WHAT YOU NEED TO DO: Below are entries; output exactly the lines from the one with "The Limited Orange" to the one with "Mateus 14:24 em imagem para compartilhar", both included, and nothing else.

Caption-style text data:
##############################

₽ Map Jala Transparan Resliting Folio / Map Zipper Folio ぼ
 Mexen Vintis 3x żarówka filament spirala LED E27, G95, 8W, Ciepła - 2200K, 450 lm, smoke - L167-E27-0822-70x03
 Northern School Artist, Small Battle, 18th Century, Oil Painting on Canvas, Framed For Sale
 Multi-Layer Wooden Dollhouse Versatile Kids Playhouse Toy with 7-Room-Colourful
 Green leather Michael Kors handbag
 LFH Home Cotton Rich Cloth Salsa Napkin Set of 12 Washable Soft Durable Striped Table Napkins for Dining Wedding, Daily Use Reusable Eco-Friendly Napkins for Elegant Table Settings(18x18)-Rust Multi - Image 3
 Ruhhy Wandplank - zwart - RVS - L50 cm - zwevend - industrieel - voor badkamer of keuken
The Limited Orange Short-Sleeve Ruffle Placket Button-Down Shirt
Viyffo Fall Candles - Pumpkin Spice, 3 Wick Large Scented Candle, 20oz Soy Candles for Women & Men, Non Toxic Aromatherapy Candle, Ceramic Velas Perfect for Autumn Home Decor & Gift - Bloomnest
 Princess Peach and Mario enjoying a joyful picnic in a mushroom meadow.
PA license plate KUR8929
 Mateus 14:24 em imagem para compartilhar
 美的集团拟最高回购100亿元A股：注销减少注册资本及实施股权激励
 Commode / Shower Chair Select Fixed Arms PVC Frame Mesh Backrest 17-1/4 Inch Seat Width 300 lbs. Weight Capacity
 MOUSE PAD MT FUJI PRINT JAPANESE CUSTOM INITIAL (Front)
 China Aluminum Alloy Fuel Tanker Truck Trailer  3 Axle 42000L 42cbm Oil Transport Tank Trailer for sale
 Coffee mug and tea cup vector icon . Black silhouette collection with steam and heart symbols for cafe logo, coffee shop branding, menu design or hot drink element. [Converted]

##############################

SOLUTION BELOW:
The Limited Orange Short-Sleeve Ruffle Placket Button-Down Shirt
Viyffo Fall Candles - Pumpkin Spice, 3 Wick Large Scented Candle, 20oz Soy Candles for Women & Men, Non Toxic Aromatherapy Candle, Ceramic Velas Perfect for Autumn Home Decor & Gift - Bloomnest
 Princess Peach and Mario enjoying a joyful picnic in a mushroom meadow.
PA license plate KUR8929
 Mateus 14:24 em imagem para compartilhar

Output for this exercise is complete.